Bruce Sullenger published a succinct review of the history and recent progress of RNA-guided endonuclease (RGEN) editing of RNA and DNA on Cell. Here are my learning notes.
- Three types of RGENs
- From RNA to DNA, from bacterial to mammalian
- Clinical studies with CRISPR-Cas9
Sullenger was one of the people that discovered RGEN and accompanied its development. The article introduces both history and the current status of investigating the potential of RGEN as therapeutics. The part of its application in the clinic is especially timely and interesting for me.
Three types of RGENs
There are different variants of RGEN editing, named Group I RGEN (RNA editing), Group II RGEN (DNA editing with exon binding sequences, or EBS), and CRISPR sgRNA-Cas RGEN (DNA editing with single guide RNAs, or sgRNAs). All of them undergo three common steps: binding, cleavage, and editing. It is enabled by the fact that an RNA molecule can guide an endonuclease to cleave another RNA at a specific nucleotide position.

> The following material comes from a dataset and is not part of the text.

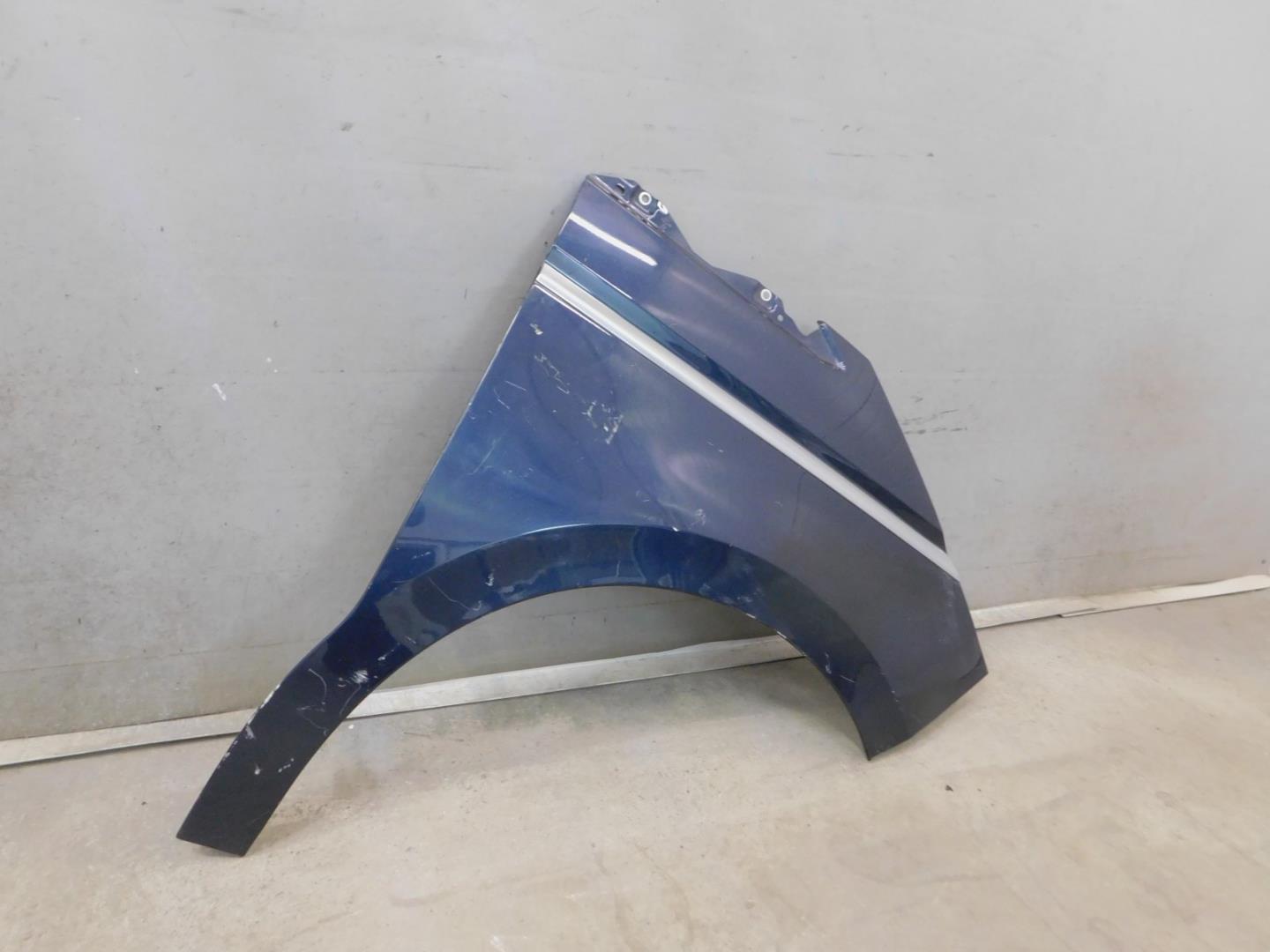 Крыло переднее правое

The endonuclease can be used to cleave RNA molecules, for instance those by pathogens. The two major challenges associated with this approach are (1) the RNA cleavage products generated inside cells by endonucleases are not stable, making it challenging to study and optimize the approach, and (2) RGENs have to cleave the vast majority of a target RNA to produce the desired phenotype.
Then the idea came to let the RGEN not only cleave target RNAs, but also repair the broken phosphodiester backbone of a target RNA, editing the sequence in this process. This is the time when the three steps described above, binding, cleavage, and editing become stable.
From RNA to DNA, from bacterial to mammalian
The next questions were whether RGENs can edit RNAs in mammalian, especially human cells. And whether RGENs can edit DNA under physiological conditions. As we know, we can achieve both under certain constraints.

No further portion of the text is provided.